In the final meeting for two of its three members, the Maryland Board of Revenue Estimates voted today to lower state revenue projections for fiscal 2023 by $77.4 million. The Board, which consists of Comptroller Brooke Lierman, Treasurer Dereck Davis, and Budget Secretary Helene Grady, also lowered revenue projections for fiscal 2024 by $400.3 million.
Maryland Revenues and Economy Slowed Faster Than Anticipated
Year-to-date revenue, which was performing as expected, has slowed in the last few months and, in total, is now below the December forecast.
The March forecast includes greater decreases in nonwage income. Estimated payments, which were increasing, sharply declined for the 4th quarter of the tax year 2022. The March forecast adjusts downward sales and use tax and withholding revenue due to recent under-attainment. Corporate income tax revenue and interest income revenue are above expectations, partially offsetting the decrease in the personal income tax and sales and use tax forecast.
Non-wage income and capital gains remain at very high levels. Almost 1 out of every 5 dollars in the State’s general fund comes from nonwage income, which has proven to be a volatile revenue stream.
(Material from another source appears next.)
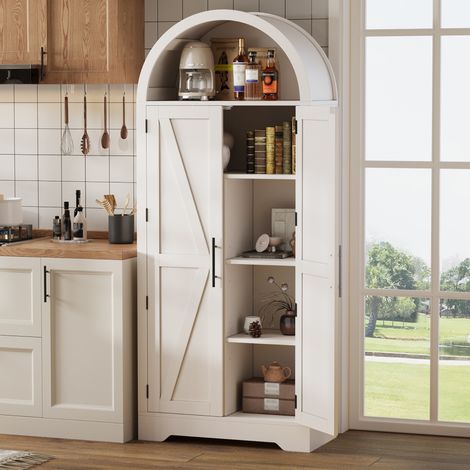 Buffet de cuisine 170x70x35cm - vitrine casier à vin niche ouverte - mdf - blanc (1/5)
However, an economic downturn could cause these revenue streams to decrease as interest rates climb and the stock market wobbles.
The Maryland economy appears to be underperforming compared to the national economy in terms of employment and consumer spending, which explains the decreased sales and use tax and withholding income tax forecasts.
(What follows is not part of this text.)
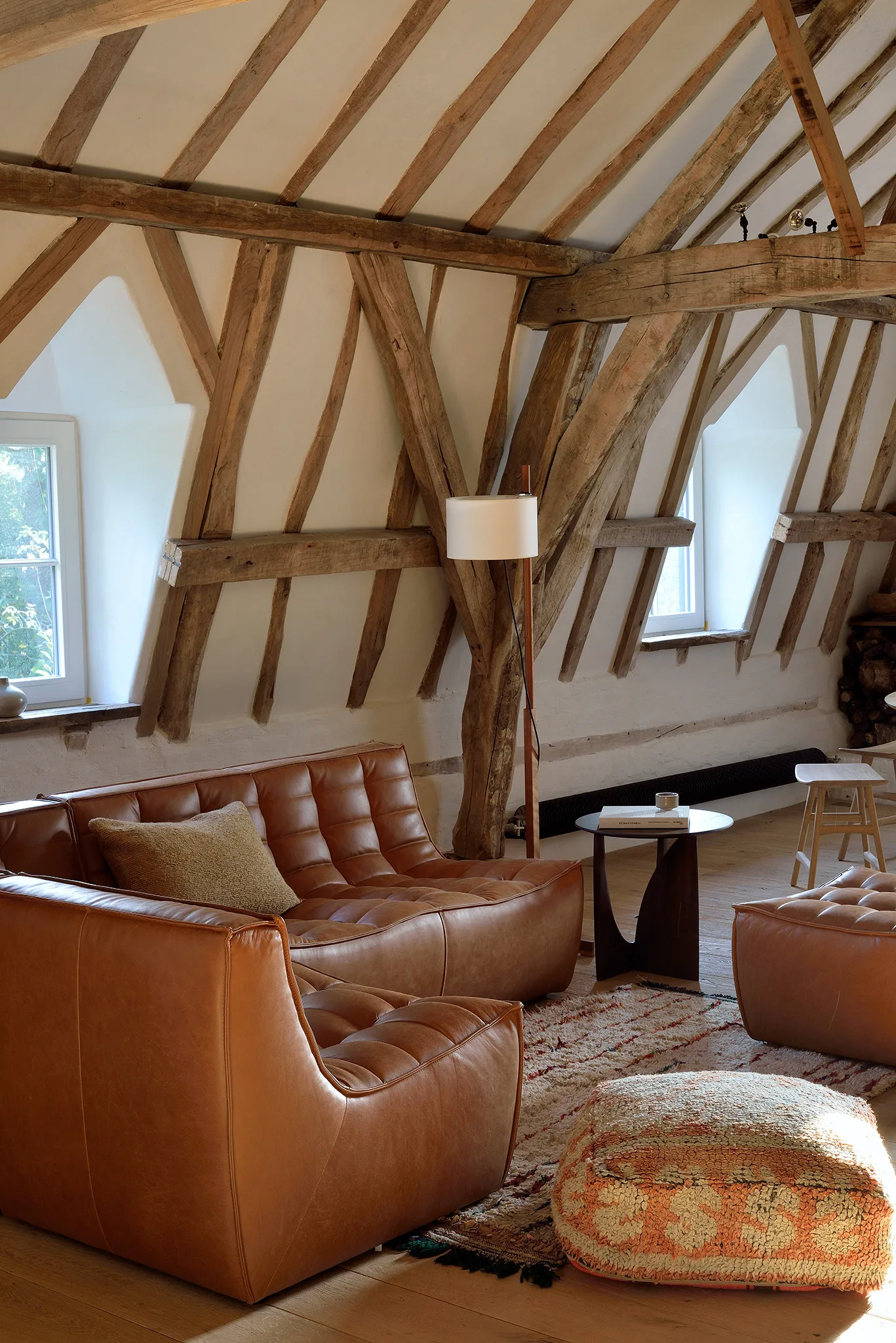 Divano N701 a 2 posti, Pelle old saddle brown Ethnicraft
According to Comptroller Brooke Lierman:
The revenue forecasts should not be considered alarming, but they should be seen as a flashing yellow light — a warning that the economy of Maryland is seeing the lingering effects of national inflation, with a disproportionate impact being felt by our families making low to moderate incomes. Maryland is not alone in this trend. In our region, both Virginia and New Jersey are also seeing greater-than-expected revenue slowdowns.
The Maryland economy appears to be underperforming compared to the national economy in terms of employment and consumer spending, which explains the decreased sales and use tax and withholding income tax forecasts. On top of that, we have an aging population larger than the national average, ongoing competition for high-wage jobs with our neighboring states, and state coffers that are very dependent on nonwage income tax from the top 1% of tax filers. Almost 1 out of every 5 dollars in our general fund comes from nonwage income, which has proven to be a volatile revenue stream over the years.
This trend is indicative of larger underlying challenges facing our state’s revenue structure and economy. We are experiencing a new baseline or walking speed for our economy that we have yet to fully define.
Moving forward, my office will take a proactive approach to study and better understand the structural changes in our economy and revenue base and the risks, challenges, and opportunities we have. Doing this work is essential to ensure that Maryland’s stakeholders — our business leaders, policymakers, economists, and taxpayers — have access to the data required to make the best possible decisions in a shifting economic environment.